From the records below, output exactly the lines running from the line containing "Фото #1 товара" through the line containing "CASA 3 AMBIENTES", and no others.

══ PROVIDED INFORMATION ══

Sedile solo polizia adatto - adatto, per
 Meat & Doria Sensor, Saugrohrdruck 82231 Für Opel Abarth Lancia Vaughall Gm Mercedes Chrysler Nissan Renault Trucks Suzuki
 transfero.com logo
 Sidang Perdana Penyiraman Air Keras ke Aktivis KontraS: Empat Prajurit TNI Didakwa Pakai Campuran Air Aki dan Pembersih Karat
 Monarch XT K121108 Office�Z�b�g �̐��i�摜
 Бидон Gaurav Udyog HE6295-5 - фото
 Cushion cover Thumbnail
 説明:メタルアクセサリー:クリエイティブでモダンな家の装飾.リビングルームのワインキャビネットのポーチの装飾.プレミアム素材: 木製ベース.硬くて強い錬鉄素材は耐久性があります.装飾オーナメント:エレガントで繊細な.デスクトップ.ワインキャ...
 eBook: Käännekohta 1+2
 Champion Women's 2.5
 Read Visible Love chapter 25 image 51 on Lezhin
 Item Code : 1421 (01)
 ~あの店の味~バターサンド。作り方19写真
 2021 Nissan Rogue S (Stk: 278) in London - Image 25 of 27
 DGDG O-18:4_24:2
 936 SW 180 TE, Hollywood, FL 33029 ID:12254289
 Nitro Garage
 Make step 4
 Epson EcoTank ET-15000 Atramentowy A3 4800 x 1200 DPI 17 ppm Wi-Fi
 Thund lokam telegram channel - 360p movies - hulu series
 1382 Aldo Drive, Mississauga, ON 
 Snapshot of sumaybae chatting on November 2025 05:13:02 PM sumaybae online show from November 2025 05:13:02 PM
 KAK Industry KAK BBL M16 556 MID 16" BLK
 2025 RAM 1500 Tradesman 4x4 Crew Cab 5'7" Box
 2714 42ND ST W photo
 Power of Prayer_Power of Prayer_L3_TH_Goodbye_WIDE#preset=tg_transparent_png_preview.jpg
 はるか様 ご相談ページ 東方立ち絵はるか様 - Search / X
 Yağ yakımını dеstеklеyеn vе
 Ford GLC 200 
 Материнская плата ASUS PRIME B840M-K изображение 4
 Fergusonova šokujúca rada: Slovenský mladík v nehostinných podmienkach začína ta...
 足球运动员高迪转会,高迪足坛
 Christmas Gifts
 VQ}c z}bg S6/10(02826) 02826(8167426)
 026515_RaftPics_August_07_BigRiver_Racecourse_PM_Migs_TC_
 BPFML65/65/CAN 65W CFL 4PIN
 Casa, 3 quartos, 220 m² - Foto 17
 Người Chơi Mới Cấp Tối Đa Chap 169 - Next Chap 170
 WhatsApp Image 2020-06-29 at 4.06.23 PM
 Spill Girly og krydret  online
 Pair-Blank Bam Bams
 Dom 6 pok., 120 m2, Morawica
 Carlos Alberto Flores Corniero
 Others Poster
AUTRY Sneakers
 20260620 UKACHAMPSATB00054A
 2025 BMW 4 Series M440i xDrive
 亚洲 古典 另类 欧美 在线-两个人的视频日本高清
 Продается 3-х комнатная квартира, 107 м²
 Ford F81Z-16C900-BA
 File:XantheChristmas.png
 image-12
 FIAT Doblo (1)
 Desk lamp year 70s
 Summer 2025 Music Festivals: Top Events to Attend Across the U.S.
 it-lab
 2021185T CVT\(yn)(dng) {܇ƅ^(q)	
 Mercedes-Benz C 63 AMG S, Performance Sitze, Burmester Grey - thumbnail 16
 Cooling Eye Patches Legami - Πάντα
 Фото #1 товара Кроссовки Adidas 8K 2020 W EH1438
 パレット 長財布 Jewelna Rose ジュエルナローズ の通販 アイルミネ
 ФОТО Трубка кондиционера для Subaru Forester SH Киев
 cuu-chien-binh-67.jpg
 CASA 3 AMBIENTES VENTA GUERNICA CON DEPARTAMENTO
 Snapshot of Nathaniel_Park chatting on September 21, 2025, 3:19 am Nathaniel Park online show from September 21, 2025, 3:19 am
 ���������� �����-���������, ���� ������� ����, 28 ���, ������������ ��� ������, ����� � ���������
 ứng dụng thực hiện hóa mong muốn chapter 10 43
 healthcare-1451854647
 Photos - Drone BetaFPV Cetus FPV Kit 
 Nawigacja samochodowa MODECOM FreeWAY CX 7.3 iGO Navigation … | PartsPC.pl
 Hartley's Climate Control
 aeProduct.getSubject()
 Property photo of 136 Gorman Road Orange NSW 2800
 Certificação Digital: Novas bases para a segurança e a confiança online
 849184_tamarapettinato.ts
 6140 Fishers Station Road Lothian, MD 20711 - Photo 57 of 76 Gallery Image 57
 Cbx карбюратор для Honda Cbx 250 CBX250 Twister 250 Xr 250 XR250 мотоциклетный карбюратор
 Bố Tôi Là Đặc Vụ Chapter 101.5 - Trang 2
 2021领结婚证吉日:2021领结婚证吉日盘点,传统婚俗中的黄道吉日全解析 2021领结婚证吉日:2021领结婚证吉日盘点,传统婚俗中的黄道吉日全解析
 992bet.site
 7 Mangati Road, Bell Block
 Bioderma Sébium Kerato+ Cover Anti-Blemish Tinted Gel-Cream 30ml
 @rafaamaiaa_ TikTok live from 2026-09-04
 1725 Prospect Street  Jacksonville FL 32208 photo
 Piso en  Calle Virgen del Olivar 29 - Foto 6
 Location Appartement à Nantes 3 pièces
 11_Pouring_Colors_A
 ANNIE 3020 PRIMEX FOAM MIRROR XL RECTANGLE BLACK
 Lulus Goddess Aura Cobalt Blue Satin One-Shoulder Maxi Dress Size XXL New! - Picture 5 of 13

═══

◆ TASK RESULT
 Фото #1 товара Кроссовки Adidas 8K 2020 W EH1438
 パレット 長財布 Jewelna Rose ジュエルナローズ の通販 アイルミネ
 ФОТО Трубка кондиционера для Subaru Forester SH Киев
 cuu-chien-binh-67.jpg
 CASA 3 AMBIENTES VENTA GUERNICA CON DEPARTAMENTO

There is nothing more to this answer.